白望舒打马经过,见只有江燕如和两个宣云卫护卫,就停下询问。

    “江姑娘还未学会骑马?”

    江燕如被他这一个‘还未’说红了脸,点点头,“一定是我太笨了,总是学不好。”

    白望舒轻笑:“怎么会,江姑娘是我见过最机敏善学的姑娘,有没有可能只是你还没找到方法罢了。”

    白望舒夸她,江燕如就更愧不敢当。

    “哪里,爹和师兄们个个都来教过我,我还是没能学好,可见我是真的没有这个天赋啦。”

    “令尊教的一身硬功夫,不适合姑娘家,自然骑马也是如此。”白望舒笑意温和,十分体贴道:“姑娘家本就体质较弱,适合用巧劲,你试试我教你的法子?”

    江燕如眼睛一亮,连连点头。

    她一路坐着马车,早已闷坏了,看见别人都能骑马兜风一直很羡慕。

    若是能学会自己骑马,她也可以更自由一些。

    白望舒就细心指点了她几个位置,譬如腰、腿、臀的用力点,江燕如受益匪浅,不说马上学得有模有样,但是好歹觉得骑马也不是那般费力。

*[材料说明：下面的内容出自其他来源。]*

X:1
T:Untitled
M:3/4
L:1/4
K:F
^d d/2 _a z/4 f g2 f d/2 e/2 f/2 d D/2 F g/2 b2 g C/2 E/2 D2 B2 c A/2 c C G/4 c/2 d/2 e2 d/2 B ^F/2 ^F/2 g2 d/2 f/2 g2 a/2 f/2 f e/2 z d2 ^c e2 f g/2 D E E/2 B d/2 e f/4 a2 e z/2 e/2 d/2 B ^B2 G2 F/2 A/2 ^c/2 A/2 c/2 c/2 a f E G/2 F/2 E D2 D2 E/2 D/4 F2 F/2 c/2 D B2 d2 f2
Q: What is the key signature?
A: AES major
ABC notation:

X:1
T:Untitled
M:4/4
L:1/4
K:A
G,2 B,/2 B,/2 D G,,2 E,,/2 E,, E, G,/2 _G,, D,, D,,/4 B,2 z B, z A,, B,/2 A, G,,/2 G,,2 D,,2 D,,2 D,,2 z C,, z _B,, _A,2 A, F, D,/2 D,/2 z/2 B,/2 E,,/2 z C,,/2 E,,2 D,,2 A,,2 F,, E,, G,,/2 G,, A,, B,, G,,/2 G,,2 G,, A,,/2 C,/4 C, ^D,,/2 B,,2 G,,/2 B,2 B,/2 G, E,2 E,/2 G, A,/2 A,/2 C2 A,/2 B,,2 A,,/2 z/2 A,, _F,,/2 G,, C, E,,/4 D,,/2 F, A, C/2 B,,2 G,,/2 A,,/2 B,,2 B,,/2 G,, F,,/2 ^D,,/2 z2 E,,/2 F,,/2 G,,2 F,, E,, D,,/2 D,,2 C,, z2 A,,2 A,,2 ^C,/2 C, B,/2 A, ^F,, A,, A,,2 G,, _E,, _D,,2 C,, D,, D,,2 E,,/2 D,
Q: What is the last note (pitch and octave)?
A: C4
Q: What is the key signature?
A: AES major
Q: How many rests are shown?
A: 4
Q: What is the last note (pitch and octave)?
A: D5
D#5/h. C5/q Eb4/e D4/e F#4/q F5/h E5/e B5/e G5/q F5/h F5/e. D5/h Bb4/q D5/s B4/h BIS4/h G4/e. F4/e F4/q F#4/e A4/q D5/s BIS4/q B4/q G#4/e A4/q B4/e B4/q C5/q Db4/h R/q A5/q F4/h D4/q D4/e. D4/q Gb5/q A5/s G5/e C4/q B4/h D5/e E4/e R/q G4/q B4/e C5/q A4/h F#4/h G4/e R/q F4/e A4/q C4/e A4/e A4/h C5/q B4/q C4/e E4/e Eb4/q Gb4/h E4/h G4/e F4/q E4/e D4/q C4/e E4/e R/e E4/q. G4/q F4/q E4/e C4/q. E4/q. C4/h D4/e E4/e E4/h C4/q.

    “望舒哥哥教得比我爹还好!”江燕如高兴地朝他灿烂一笑。

    “你瞧,并不是你没有天赋,只是一直没有找到对的法子罢了。”白望舒也笑了起来,犹如薰风解愠,让人心头没了烦恼。

    白望舒的这番话让人醍醐灌顶,豁然开朗。

    江燕如眼睛亮晶晶地看着他,像是繁星点点,璀璨夺目。

    对啊,爹也说过世上无难事,只要肯钻研。

    若是她能找到对的法子,还有什么事情她办不到。

    “白大人好悠闲。”

    萧恕快马一停,马蹄就在地上扬起了一阵灰。

    扬灰扑头盖脸冲了江燕如一脸,呛得她不得扭头掩唇咳了起来。

    “见过萧统领。”白望舒浅笑谦和,抱拳行礼,“这次出行下官并无担职,确实清闲,劳统领受累了。”

    萧恕正在当值,身着一身玄红色的劲装,窄袖紧腰,发尾高束,发带上两颗红珠交错晃动,衬得他英姿勃发,气宇轩昂。

    只是他的语气向来不善,他看着白望舒就好像是钻进自己鸡笼里的狐狸,声音冷然道:“此处多为官眷,白大人出现在此是有何要事?”

    “路过而已,并无要事。”白望舒抚袖拉缰,告辞道:“再下先告退了。”

    “不送。”

    白望舒回首,又对江燕如道:“江姑娘保重,记得按我教的多练习一二,想必下次再见时,姑娘定然能骑好马了。”

    江燕如捂着嘴,呛得眼泪花都出来了,听见白望舒对她叮嘱,正点着脑袋想开口。

    萧恕一个调转了马头,挤在江燕如和白望舒之间,率先问道:“她骑得好不好与你有什么干系。”

    “嗯,和再下没有关系。”白望舒从善如流,点了点头就告辞而去。

    江燕如泪汪汪看着白望舒策马离去,小声道:“其实望舒哥哥教得挺好……”

    萧恕一个不满,横眼看来,声音压怒:“你想学,我教你啊。”

    第37章 教好 我只是想看你哭而已

    萧恕肯花时间教她骑马, 江燕如起初还很感动。

    可后来她就不敢动了。

    萧恕所谓的教,不过是在她马后面拿着鞭子。

    温顺的小马犹如被恶犬追咬一样也不再温顺,撒开蹄子狂奔,好比一头莽牛。

    江燕如半桶水的骑马功夫从没有经历过这样的状况, 吓得紧紧抱住马脖子, 哇哇大叫救命。

    “怕什么, 你要是摔伤了,我还给你上药。”

    “我不要—— ”

    江燕如更加想哭了。

    “我要望舒哥哥教, 你不要再教我了!”

    萧恕没想到这个时候,江燕如还提白望舒。

    “你敢再说一次。”

    江燕如哽咽了一下, 换了一个说辞, 哭啼道:“——你别教我了,呜呜呜,我学不会!”

    “我能教得会就行。”萧恕信誓旦旦。

    众人从没看见这样的阵仗, 但一看萧恕连对自己妹妹都这样冷酷无情, 心里不由都感觉到了平衡。

    萧恕疯起来,六亲不认, 看这好好的姑娘都被他折腾成什么样。

    江燕如骑着马被追了一个下午,傍晚时候已经筋酸骨软,不过意外的是她竟然顽强得没有被马颠下来。